Opinión

Recta final

Recta final
Bueno, pues ya estamos en la recta final. El domingo se abren las urnas y por la noche, después de que  se haga el recuento, seguiremos sin saber gran cosa, todos habrán ganado, pero, salvo que haya un partido que saque una muy poco probable mayoría absoluta, estaremos igual semanas y semanas. 

Y la gracia es que debería importar poco quiénes se vayan a sentar en este ministerio o en aquella secretaría de Estado, porque eso es como conocer las alineaciones de los equipos antes de empezar el partido. El partido hay que jugarlo, y lo comparo con un partido de fútbol porque quienes gobiernan tienen que hacerlo contra las situaciones que se presenten y siempre contra la oposición, que hará lo indecible porque quien gobierna no pueda hacerlo debidamente. Y es que, en España, eso de la leal oposición hace mucho que no existe.

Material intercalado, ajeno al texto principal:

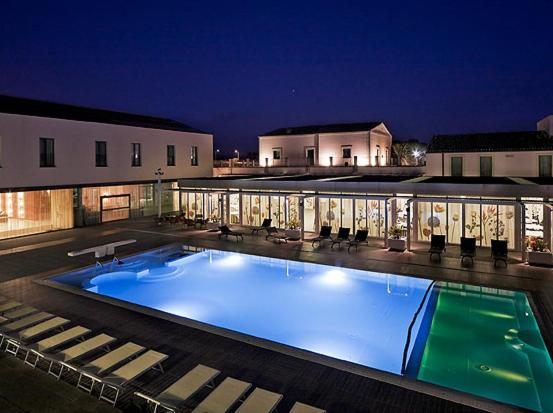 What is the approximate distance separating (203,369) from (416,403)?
3.14 meters

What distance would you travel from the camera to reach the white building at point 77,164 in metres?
18.8

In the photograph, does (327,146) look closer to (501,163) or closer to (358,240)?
(501,163)

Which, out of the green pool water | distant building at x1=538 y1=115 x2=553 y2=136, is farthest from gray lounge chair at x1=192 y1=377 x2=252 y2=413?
distant building at x1=538 y1=115 x2=553 y2=136

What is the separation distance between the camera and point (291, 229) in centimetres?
1816

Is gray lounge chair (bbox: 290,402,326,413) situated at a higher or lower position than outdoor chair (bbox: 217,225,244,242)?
lower

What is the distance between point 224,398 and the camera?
5.45m

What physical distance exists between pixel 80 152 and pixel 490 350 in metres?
20.8

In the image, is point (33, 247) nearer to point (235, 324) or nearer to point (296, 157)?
point (235, 324)

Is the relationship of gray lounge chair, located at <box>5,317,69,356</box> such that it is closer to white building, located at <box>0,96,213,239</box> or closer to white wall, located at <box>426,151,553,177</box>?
white building, located at <box>0,96,213,239</box>

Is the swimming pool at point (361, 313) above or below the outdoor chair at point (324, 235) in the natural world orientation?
below

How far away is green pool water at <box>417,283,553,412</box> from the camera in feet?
21.6

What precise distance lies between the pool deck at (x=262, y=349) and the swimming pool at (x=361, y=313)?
1.98 feet

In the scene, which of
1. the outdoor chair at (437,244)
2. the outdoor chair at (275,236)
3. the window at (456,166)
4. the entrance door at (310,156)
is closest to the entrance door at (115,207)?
the outdoor chair at (275,236)

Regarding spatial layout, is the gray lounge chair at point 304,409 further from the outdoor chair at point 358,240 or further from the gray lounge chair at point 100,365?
the outdoor chair at point 358,240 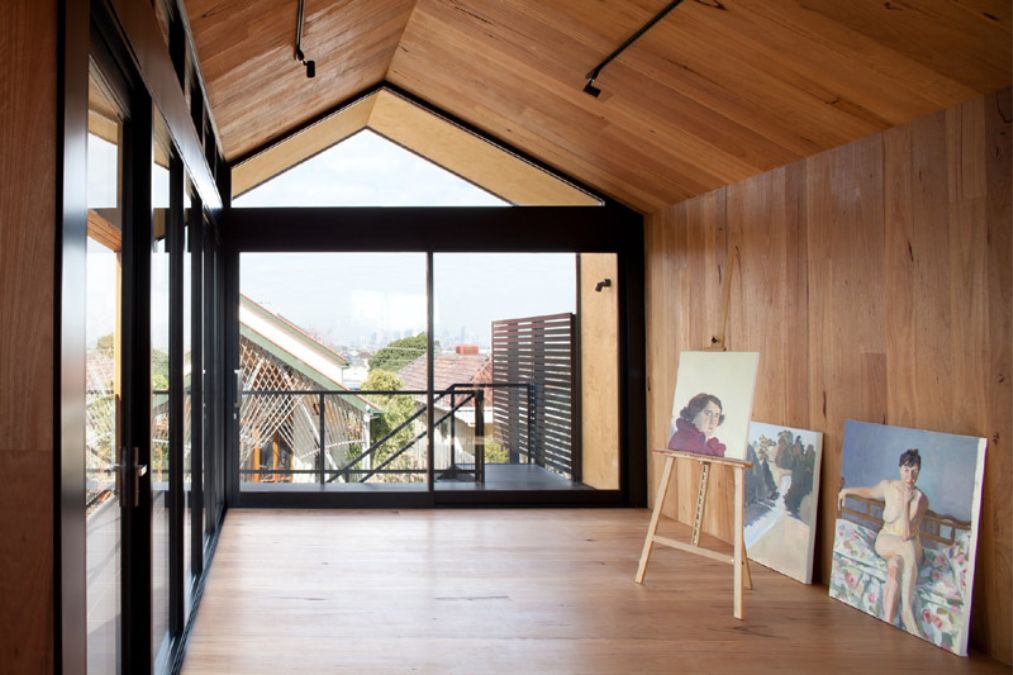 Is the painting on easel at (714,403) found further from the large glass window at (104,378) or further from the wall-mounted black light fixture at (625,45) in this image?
the large glass window at (104,378)

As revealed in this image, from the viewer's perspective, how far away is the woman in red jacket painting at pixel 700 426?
3.81m

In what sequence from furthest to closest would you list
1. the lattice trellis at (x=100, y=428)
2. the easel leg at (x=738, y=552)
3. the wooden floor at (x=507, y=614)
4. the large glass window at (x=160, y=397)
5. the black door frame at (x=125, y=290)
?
the easel leg at (x=738, y=552)
the wooden floor at (x=507, y=614)
the large glass window at (x=160, y=397)
the lattice trellis at (x=100, y=428)
the black door frame at (x=125, y=290)

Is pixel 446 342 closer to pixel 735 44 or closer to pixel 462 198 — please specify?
pixel 462 198

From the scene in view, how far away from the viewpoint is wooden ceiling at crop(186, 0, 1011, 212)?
2742 mm

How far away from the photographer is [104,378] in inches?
71.0

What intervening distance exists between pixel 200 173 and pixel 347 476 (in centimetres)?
275

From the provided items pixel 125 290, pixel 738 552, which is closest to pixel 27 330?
pixel 125 290

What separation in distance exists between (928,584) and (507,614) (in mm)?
1771

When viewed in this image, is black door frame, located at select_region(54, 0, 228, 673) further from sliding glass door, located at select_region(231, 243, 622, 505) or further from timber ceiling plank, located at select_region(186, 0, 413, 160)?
sliding glass door, located at select_region(231, 243, 622, 505)

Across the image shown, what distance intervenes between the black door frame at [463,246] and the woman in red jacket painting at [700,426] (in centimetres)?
154

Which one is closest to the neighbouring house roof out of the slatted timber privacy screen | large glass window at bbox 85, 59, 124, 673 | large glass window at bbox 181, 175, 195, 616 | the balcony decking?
the balcony decking

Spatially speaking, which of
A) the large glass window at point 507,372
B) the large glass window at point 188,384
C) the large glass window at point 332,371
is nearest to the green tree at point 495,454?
the large glass window at point 507,372

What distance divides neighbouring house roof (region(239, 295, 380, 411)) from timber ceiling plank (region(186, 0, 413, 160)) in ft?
3.82

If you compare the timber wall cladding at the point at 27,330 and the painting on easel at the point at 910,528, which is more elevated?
the timber wall cladding at the point at 27,330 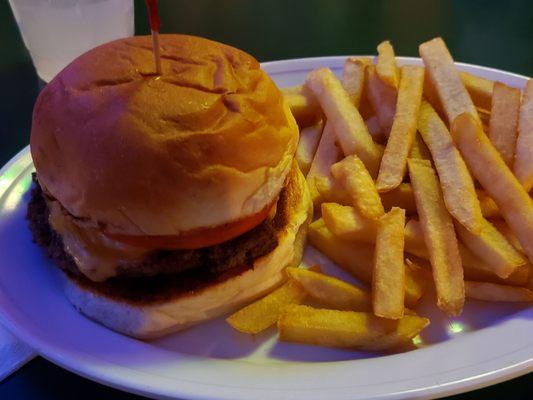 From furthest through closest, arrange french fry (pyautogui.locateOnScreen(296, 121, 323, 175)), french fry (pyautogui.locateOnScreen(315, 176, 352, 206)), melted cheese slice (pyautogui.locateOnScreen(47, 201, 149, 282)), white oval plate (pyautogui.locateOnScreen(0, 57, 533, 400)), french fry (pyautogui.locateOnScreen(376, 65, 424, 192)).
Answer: french fry (pyautogui.locateOnScreen(296, 121, 323, 175))
french fry (pyautogui.locateOnScreen(315, 176, 352, 206))
french fry (pyautogui.locateOnScreen(376, 65, 424, 192))
melted cheese slice (pyautogui.locateOnScreen(47, 201, 149, 282))
white oval plate (pyautogui.locateOnScreen(0, 57, 533, 400))

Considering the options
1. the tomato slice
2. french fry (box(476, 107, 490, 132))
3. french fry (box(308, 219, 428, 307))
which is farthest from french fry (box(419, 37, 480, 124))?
the tomato slice

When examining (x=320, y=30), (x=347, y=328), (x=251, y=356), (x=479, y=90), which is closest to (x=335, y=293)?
(x=347, y=328)

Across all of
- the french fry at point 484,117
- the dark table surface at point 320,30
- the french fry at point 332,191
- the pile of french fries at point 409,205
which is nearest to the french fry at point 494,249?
the pile of french fries at point 409,205

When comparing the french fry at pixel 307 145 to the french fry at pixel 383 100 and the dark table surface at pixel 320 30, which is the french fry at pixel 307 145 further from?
the dark table surface at pixel 320 30

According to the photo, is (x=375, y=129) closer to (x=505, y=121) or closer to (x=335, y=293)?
(x=505, y=121)

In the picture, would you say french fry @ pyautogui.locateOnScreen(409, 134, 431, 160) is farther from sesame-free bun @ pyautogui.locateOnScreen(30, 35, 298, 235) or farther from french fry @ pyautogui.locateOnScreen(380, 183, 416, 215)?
sesame-free bun @ pyautogui.locateOnScreen(30, 35, 298, 235)

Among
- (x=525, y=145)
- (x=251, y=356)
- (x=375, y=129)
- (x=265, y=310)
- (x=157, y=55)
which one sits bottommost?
(x=251, y=356)

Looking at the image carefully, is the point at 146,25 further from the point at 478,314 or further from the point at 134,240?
the point at 478,314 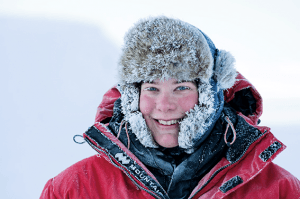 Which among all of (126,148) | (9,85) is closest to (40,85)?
(9,85)

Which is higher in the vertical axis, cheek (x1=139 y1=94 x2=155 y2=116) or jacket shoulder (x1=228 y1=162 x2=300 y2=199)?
cheek (x1=139 y1=94 x2=155 y2=116)

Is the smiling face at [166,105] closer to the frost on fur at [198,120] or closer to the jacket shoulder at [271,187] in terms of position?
the frost on fur at [198,120]

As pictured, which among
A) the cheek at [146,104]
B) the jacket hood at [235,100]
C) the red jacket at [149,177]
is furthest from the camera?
the jacket hood at [235,100]

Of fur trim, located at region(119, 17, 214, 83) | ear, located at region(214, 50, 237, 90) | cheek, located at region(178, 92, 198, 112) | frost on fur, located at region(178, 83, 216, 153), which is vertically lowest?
frost on fur, located at region(178, 83, 216, 153)

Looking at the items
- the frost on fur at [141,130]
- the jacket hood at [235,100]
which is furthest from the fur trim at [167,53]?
the jacket hood at [235,100]

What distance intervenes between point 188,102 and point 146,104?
201 millimetres

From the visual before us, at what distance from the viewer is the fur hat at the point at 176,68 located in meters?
1.12

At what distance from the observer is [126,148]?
3.99ft

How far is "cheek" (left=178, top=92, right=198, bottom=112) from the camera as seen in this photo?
1165mm

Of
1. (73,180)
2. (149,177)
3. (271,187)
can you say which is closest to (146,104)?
(149,177)

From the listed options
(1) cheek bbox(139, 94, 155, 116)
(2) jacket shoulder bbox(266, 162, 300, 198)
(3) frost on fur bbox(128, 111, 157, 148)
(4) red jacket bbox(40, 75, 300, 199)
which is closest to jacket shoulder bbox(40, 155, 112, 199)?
(4) red jacket bbox(40, 75, 300, 199)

En España no tenemos  remedio. Nunca lo tuvo, porque los remedios siempre son monolíticos, tiránicos y contrarios a la libertad, y pruebas de ello hemos tenido en los últimos 500 años. España es una abstracción que hoy vemos como una sola entidad, pero solo es España desde la Constitución de 1812, y no antes, porque aquellos reinos medievales de León, Castilla, Aragón o Valencia, el principado de Asturias, el condado de Barcelona o el señorío de Vizcaya eran distintos en fueros, en derecho consuetudinario y hasta en las lenguas que hablaban.

Todo eso confluyó en las coronas de los Reyes Católicos, que completaron con la conquista de Granada. Y las mentiras que nos han ido colocando, como que con la caída de Boabdil se completaba el puzle de lo que hoy es España, y nos contaban en la escuela (cuando se daba Historia, manipulada, pero Historia) que, cuando decidió emprender la batalla definitiva para conquistar Granada (no reconquistar, porque se reconquista lo que antes fue nuestro, y Granada nunca fue parte de Castilla antes de 1492), la reina Isabel I dijo: »Yo arrancaré uno a uno los granos de esa Granada».

El mosaico español  se completó con la conquista de Navarra por Fernando el Católico, cuando ya la reina había muerto, y nunca supo el regente Cardenal Cisneros si aquel nuevo reino era Castilla o era Aragón, por lo que, desde entonces, la única tierra aparte de esa España inexistente ha sido Navarra, que no perdió sus fueros ni siquiera en los tiempos absolutistas de Fernando VII o, más recientemente, con la dictadura de Franco. Hasta la Constitución de Cádiz, no había unidad de España (no puede unirse lo que no existe) sino que todos esos reinos, condados, principados, señoríos, (incluidos los de las Canarias que primero fueron conquistadas), recaían en la corona. Y era el rey el estandarte de todos ellos, que siempre heredaron hasta hoy los monarcas españoles, y es por ello que, cuando se habla de los títulos del rey de España sale una ristra interminable de entidades que solo estaban unidas en su persona hasta 1812. A partir de ahí ya España existió jurídicamente.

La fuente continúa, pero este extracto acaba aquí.